Condo associations and HOAs are typically structured as not-for-profit corporations. They are initially created by developers of residential housing communities prior to a sales offering for the purpose of controlling the appearance, management and budget of the community and this is their ongoing purpose after homeowners take control of the board.

The association not only provides services and manages the community, it also has the authority to enforce regulations, levy assessments and impose fines for infractions by property owners. condo or HOA boards may also create subcommittees for such things as neighborhood watch, landscaping and architectural review, even social committees.

Members pay dues and assessments and must follow the rules set forth in the association’s Covenants, Conditions and Restrictions (CC&Rs). The CC&Rs of the association are recorded at the time the property is subdivided and legally “run with the land” so that each subsequent owner of a property is bound to them as long as he or she is a property owner in the community.

It’s important to know the functions, duties and powers of association boards, and to review its CC&Rs, or public offering statement if purchasing new construction, prior to purchasing.
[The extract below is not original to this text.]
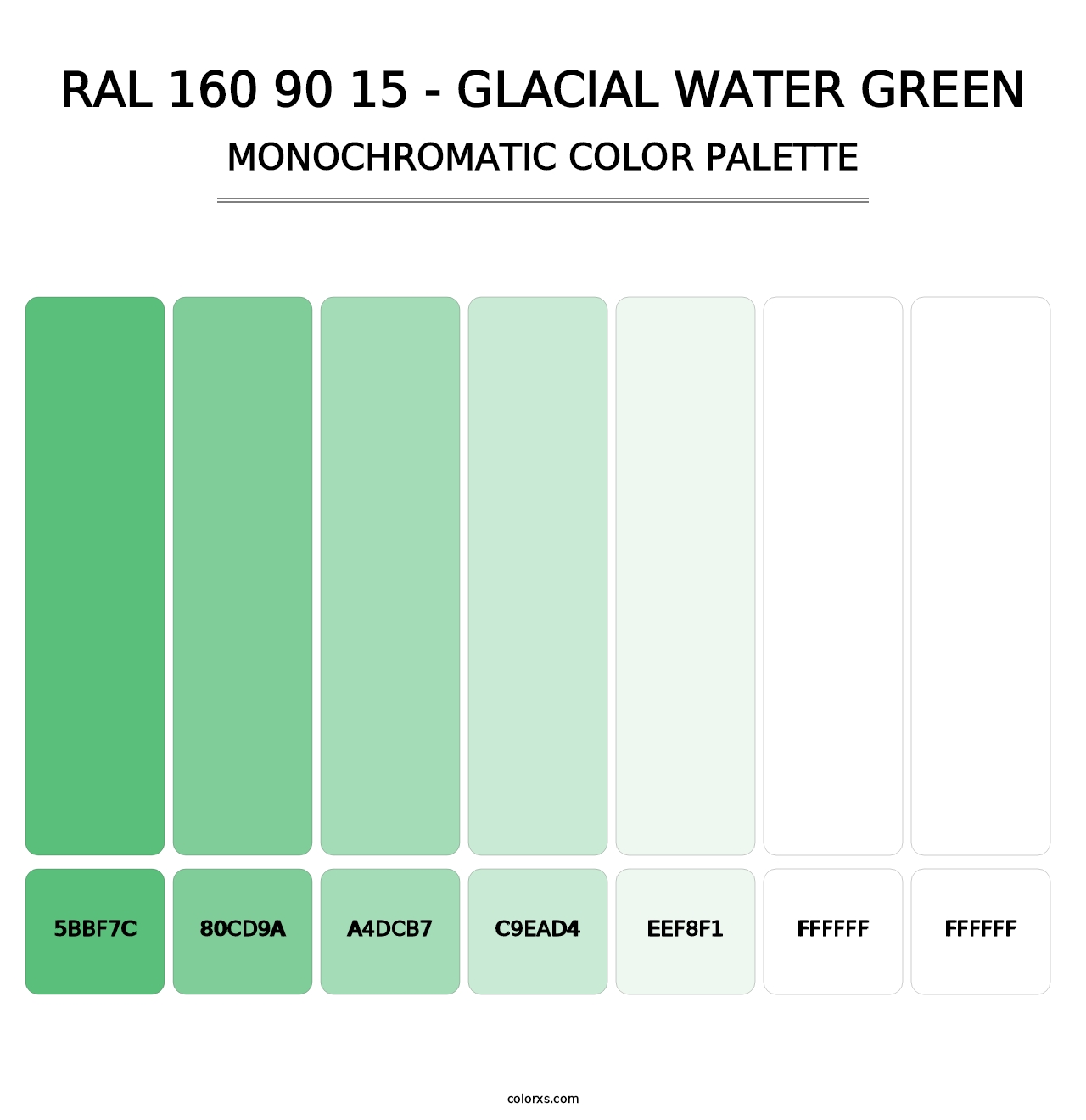 RAL 160 90 15 - Glacial Water Green - Monochromatic Color Palette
Differences Between Associations

  • Condominium members own individual units and joint ownership interest in common areas such as grounds, lobbies, recreational facilities, etc., as well as Limited Common Elements, for example parking spaces. balconies and decks allocated for the exclusive some units.
  • A co-op association owns the units, common areas and facilities of the property. Residents own shares in the cooperative corporation and are allowed to occupy a unit, use amenities and vote for the Board of Directors.
  • A Homeowners Association is typically associated with fee simple properties in PUDs (Planned Unit Developments), of which there are few in .DC. Members own individual dwellings and lots, and common areas are owned by the association, with no joint ownership interest.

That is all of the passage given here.